━━ Available data

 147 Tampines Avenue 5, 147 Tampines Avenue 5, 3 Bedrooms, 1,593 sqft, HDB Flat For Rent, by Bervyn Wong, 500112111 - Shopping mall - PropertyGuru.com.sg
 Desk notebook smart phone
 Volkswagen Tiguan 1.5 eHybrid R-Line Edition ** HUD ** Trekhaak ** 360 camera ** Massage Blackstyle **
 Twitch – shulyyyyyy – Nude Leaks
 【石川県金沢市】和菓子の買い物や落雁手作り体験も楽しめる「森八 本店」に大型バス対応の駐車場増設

━━━━
━━ Available data

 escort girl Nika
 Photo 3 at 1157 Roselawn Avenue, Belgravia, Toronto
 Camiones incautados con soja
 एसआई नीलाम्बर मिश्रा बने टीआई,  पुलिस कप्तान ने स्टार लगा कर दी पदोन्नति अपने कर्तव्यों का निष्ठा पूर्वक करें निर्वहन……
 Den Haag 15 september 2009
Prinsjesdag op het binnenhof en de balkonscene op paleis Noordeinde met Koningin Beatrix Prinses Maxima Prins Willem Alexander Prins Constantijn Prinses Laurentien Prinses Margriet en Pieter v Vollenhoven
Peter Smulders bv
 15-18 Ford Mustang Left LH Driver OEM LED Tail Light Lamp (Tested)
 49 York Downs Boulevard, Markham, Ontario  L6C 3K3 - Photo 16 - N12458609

━━━━
━━ Available data

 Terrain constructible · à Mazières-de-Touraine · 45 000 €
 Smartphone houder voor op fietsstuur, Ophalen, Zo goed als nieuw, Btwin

━━━━

Work item: Begin with the line that has "Photo 3 at 1157" in the listing above and end after the line that has "49 York Downs"; output those lines exactly.

Solution to this exercise:
 Photo 3 at 1157 Roselawn Avenue, Belgravia, Toronto
 Camiones incautados con soja
 एसआई नीलाम्बर मिश्रा बने टीआई,  पुलिस कप्तान ने स्टार लगा कर दी पदोन्नति अपने कर्तव्यों का निष्ठा पूर्वक करें निर्वहन……
 Den Haag 15 september 2009
Prinsjesdag op het binnenhof en de balkonscene op paleis Noordeinde met Koningin Beatrix Prinses Maxima Prins Willem Alexander Prins Constantijn Prinses Laurentien Prinses Margriet en Pieter v Vollenhoven
Peter Smulders bv
 15-18 Ford Mustang Left LH Driver OEM LED Tail Light Lamp (Tested)
 49 York Downs Boulevard, Markham, Ontario  L6C 3K3 - Photo 16 - N12458609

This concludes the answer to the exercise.